Postscript:  And yes, I know the Lefty SJW's would have gone apesh*t if a Republican candidate as an attorney had struck black jurors from a trial to help his white client, but that does not make the critique any more correct.

13 Comments

  1. CraigNCowartEsq:

    Actually, this is unconstitutional racially discriminatory conduct. The victims are the white jurors that Mr. Kaine struck because of their race.

    The remedy for Mr. Kaine's client, if he believed his opponent is guilty of discriminatory strikes, is not to discriminate, but to challenge the strikes of his opponent as racially discriminatory. The judge listens to that attorneys reasons for the strikes, and makes a determination as to whether the strike was inappropriate.

  2. CC:

    The problem is the ability of the atorneys to strike members from the jury pool. I was in a jury pool and the defending lawyer (burglary charge) struck anyone who had been a victim of a crime.
    Attorneys always claim to have a reason to strike besides race.

  3. CraigNCowartEsq:

    The objective disinterested person in the courtroom, who is observing the activity and questions of the lawyers is the judge. He is the one to determine if someone is striking jurors on account of race. An attorney with a client and a financial interest should not be allowed to make that decision on his own. Nowhere else in the legal system do attorneys get that arbitrary power.

    Actually, what the other attorney did is irrelevant to what Kaine apparently did. What is clear, is that Kaine knowingly and intentionally discriminated on account of race, violating certain jurors constitutional rights. Because he did not challenge the other attorney's decisions, but secretly made a decision he was not authorized to make on his own, we do not know why the other struck the people he did, or what the Judge would have decided. In fact, besides race discrimination, Kaine is guilty of usurping judicial authority.
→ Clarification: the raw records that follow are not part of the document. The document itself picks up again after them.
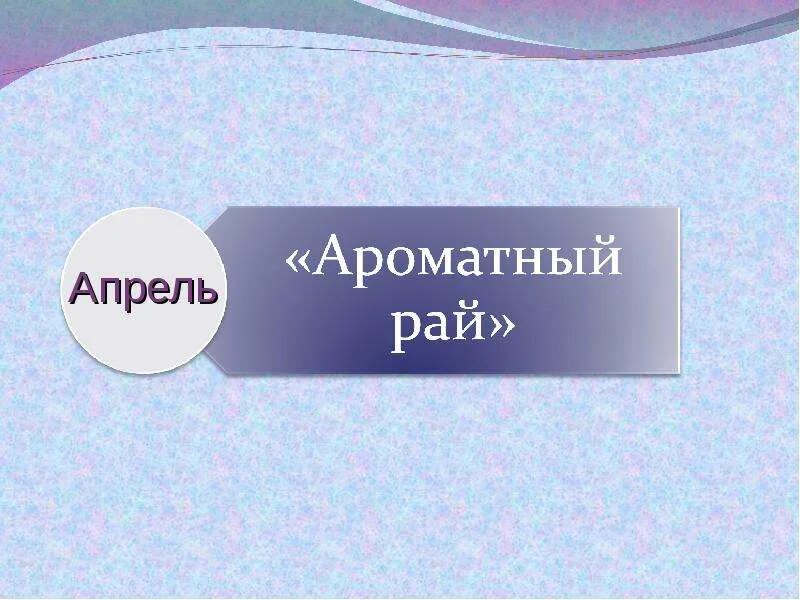Ароматный рай. Ароматный рай. Аромарай. Пряный рай. Ароматерапия в анапе.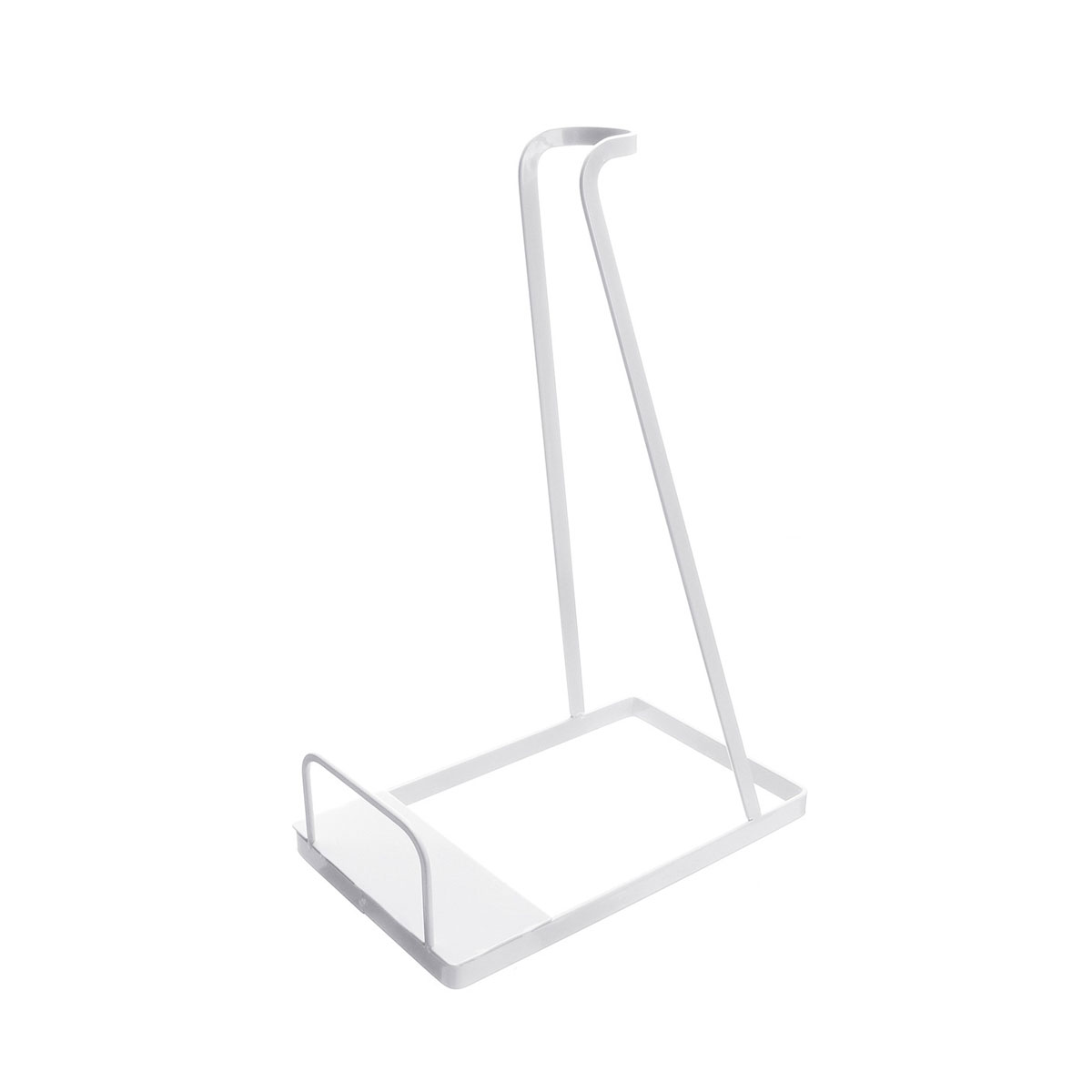 [Accessories] Vacuum Stand for SGP8/ SGP18 Cordless Vacuum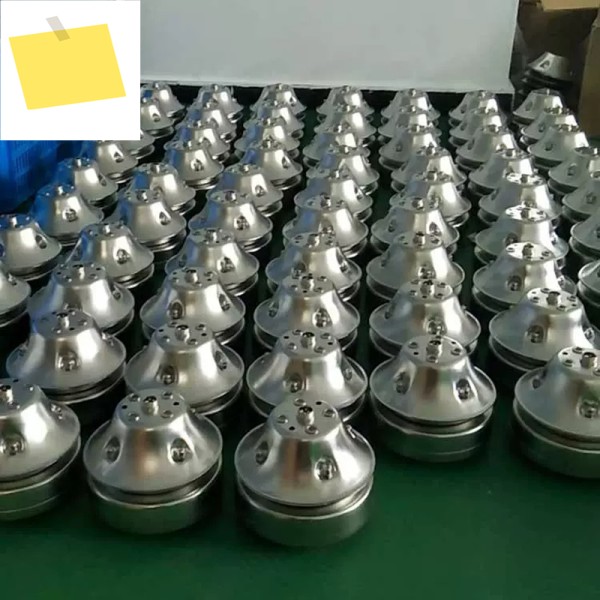 초음파 우량계 환경 모니터링 시리즈 압전 센서 RS485 제품 이미지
And people wonder where the rule of law has gone.

  4. SamWah:

    He did it once? For a Republican, once is one too many.

  5. Maximum Liberty:

    This is called a Batson challenge, named after Batson v. Kentucky. The Wikipedia article on it is OK.

  6. Maximum Liberty:

    The theory of discretionary strikes is pretty solid. If each side strikes three from a pool of 18, you are likelier to get 12 with fewer biases. The problem is when the theory runs into the real world, where all three people who share a race with a party get struck. That's not a problem with what the effect is -- it is clear that you are going to get a more unanimous jury by striking all its black members. The problem is simply that it's racist.

    I don't think he's guilty of usurping judicial authority. He's an officer of the court performing functions that the law and court rules permit. But a race-based use of that power is still a constitutional violation.

  7. kidmugsy:

    The answer, I suggest, is for the voters to decline to elect lawyers to office.

  8. Thruppennybit:

    Doesn't this happen in every Grisham novel?

  9. Kurt:

    If O.J. Simpson had been charged and tired at the local courthouse (Hollywood) instead of in central LA with it's higher percentage of blacks, then he would be in prison for murder today.

  10. john109:

    "If you really wanted a racial gotcha story, imagine the facts reversed
    to something like "white defense lawyer refused to strike other whites
    from jury despite the fact it might have helped his black client."

    Sure, but then you've also go to imagine that we live in a country built on blacks enslaving whites, where 150 years after that slavery ended, blacks have 13 times more wealth than whites do. I don't expect many of us have that good an imagination.

  11. Zachriel:

    Coyote (elsewhere): I Still Don't Understand Why Racism is Defined Assymetrically

    Because history is asymmetrical.

  12. Robert Rounthwaite:

    ...and that's why Coyote said "If he did not at the time have access to Wheeler/Batson challenges, then his actions seem a reasonable response."